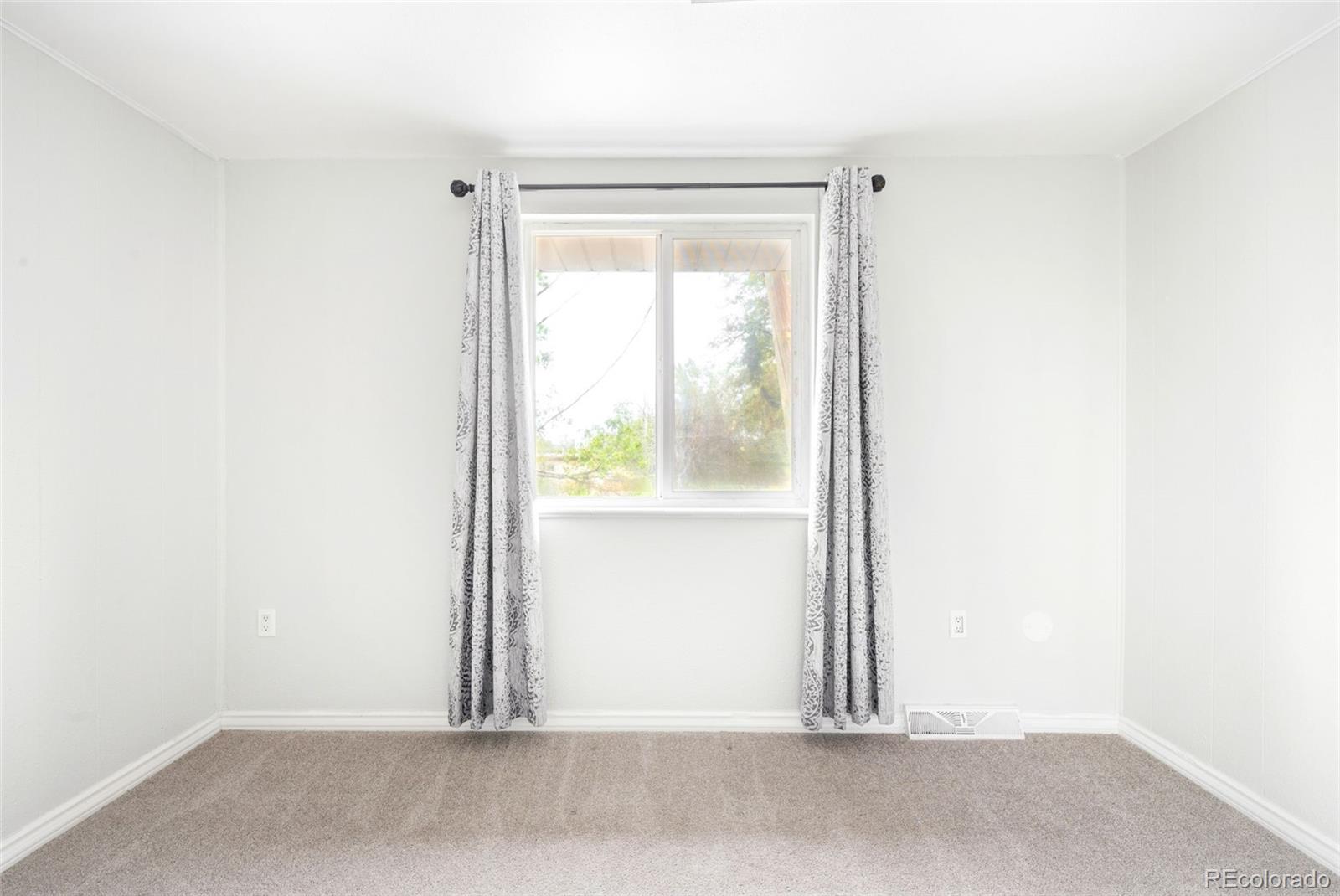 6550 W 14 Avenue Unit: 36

==

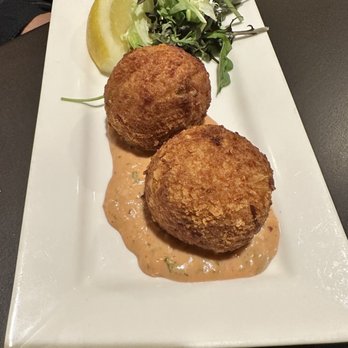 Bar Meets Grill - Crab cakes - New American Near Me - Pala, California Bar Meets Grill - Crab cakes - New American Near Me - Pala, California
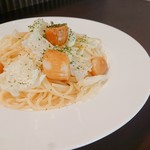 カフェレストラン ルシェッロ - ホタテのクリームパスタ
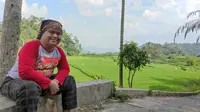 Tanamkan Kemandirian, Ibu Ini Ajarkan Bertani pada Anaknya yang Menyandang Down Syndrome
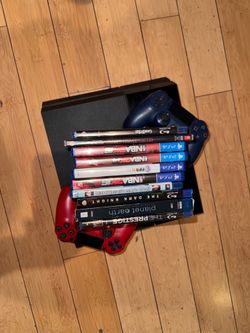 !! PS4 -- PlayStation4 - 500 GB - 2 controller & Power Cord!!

...

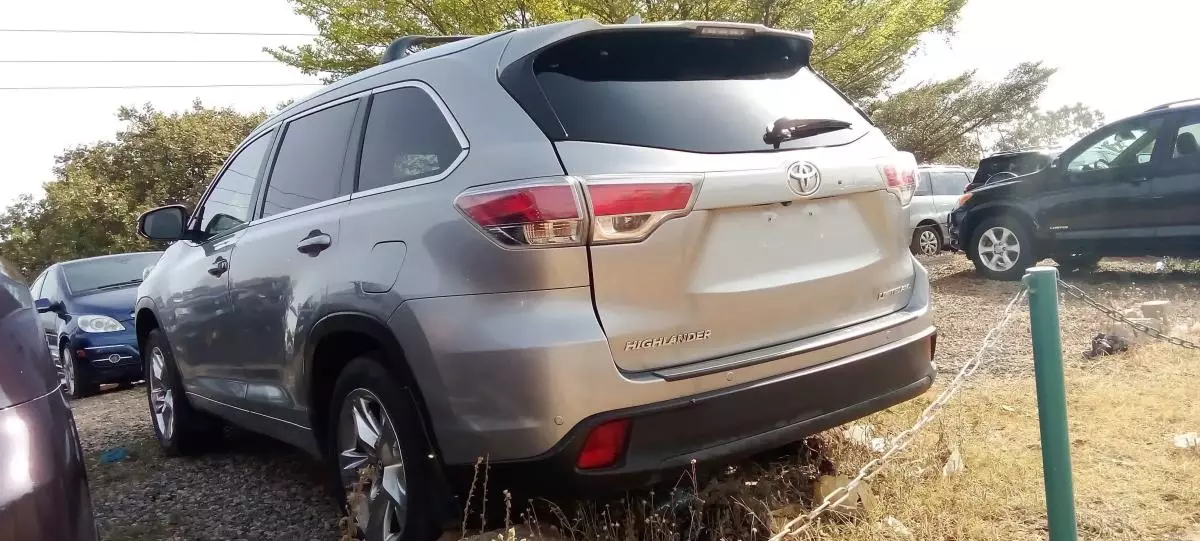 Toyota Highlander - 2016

§ PROBLEM: Within the listing above, print exactly the stretch beginning at the line that contains "Pala, California Bar" and finishing at the line that contains "controller & Power Cord!!", ends kept, pictures left out, and nothing more.

§ RESPONSE TO THE TASK:
 Bar Meets Grill - Crab cakes - New American Near Me - Pala, California Bar Meets Grill - Crab cakes - New American Near Me - Pala, California
 カフェレストラン ルシェッロ - ホタテのクリームパスタ
 Tanamkan Kemandirian, Ibu Ini Ajarkan Bertani pada Anaknya yang Menyandang Down Syndrome
 !! PS4 -- PlayStation4 - 500 GB - 2 controller & Power Cord!!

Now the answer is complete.